N. C. : Est-il possible de remonter ce courant du conformisme ambiant, de ce que vous appelez un fondamentalisme moral ?
J. B. : Le courage intellectuel consiste à savoir garder raison, à conserver sa liberté de penser en toutes circonstances, à refuser le dogmatisme antidogmatique. Certes, c’est courir le risque de l’incompréhension. Plus la société est frileuse, et c’est le cas aujourd’hui, plus elle est à court d’arguments rigoureux, moins elle tolère le refus de diaboliser celui qui diabolise. Ce sont pourtant de tels refus qui la sauvent du conformisme. Sans le droit de trier dans tout discours, même tenu par une personne détestable, il n’est pas de véritable liberté de penser.

N. C. : Comment combattre les haines sociales ?
J. B. : Identifier une haine comme telle est parfois très difficile, à cause du consensus, de cette extrême centre conformiste qui sévit. Ainsi les porteurs de haine peuvent-ils se penser très tolérants, car ils s’estiment en situation de légitime défense. La légitime défense fait du meurtre un non crime…Tout se justifie au nom d’un péril… Le combat contre les idéologies aboutit souvent à une même diabolisation idéologique. Que la cause soit bonne au départ, ne l’empêchera nullement d’être prise dans un engrenage où l’on se retrouve “le double” de celui contre qui on prétend lutter. Il y a un sectarisme diabolique dans les mouvements antisectes, qui les apparente à de contre-sectes. Pour sortir de ces effets-miroirs sclérosants que sont les haines et les contre-haines, et surtout pour retrouver une efficacité démocratique et une certaine éthique rationnelle, élargissons le champ de la mémoire. La mémoire est friande d’oppositions, de combats, de bruits et de fureurs. Incluons d’autres scènes, réagissons contre l’obligation sociale de réduire la réalité à ce qui va mal. Il ne faut pas céder à l’idéologisation du désenchantement. Il est des moments fugitifs où haine et contre haines sont contenues, où tumultes et injures font silence. L’autre, alors, n’a plus le visage du monstre ; il apparaît dans sa fragile humanité.

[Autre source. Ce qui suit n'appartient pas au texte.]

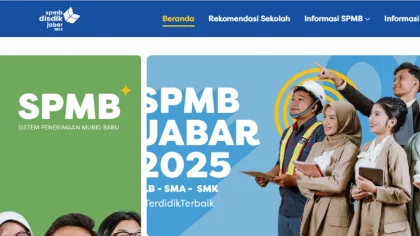 Disdik Jabar Pastikan Seluruh Peserta Akan Dapat Akun SPMB, Dibagikan Bertahap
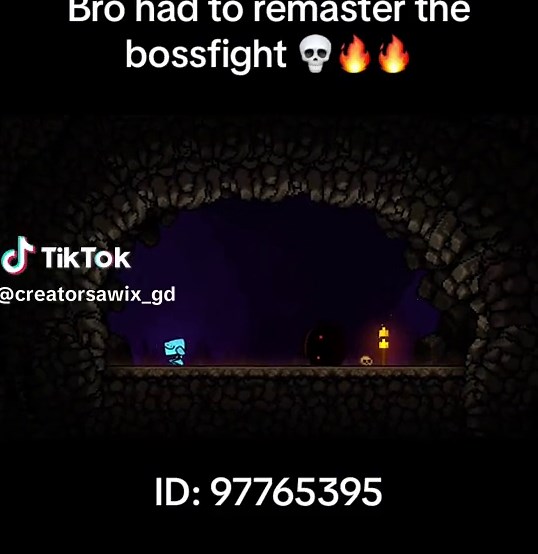 Geometry Dash Boss Fight Remastered | ID 97765395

N. C. : Peut-on délivrer l’autre de sa haine, et particulièrement quand elle est dirigée
contre soi ?
J. B. : Il faut un combat où l’intelligence supplante la haine. Les combattants peuvent se retrouver unis dans un même refus, celui de se retrouver normalisés par la pensée correcte, cette non-pensée, ce conformisme social, culturel, politique, religieux que toute société, même à idéal démocratique, engendre. La pacification est partie intégrante de la victoire démocratique.

A lire : Un excellent chapitre de Jean Baubérot dans Secte et démocratie, ouvrage collectif, au Seuil. Du même auteur avec Valentine Zuber, Une Haine oubliée : l’antiprotestantisme avant le “pacte laïc”, éd. Albin Michel.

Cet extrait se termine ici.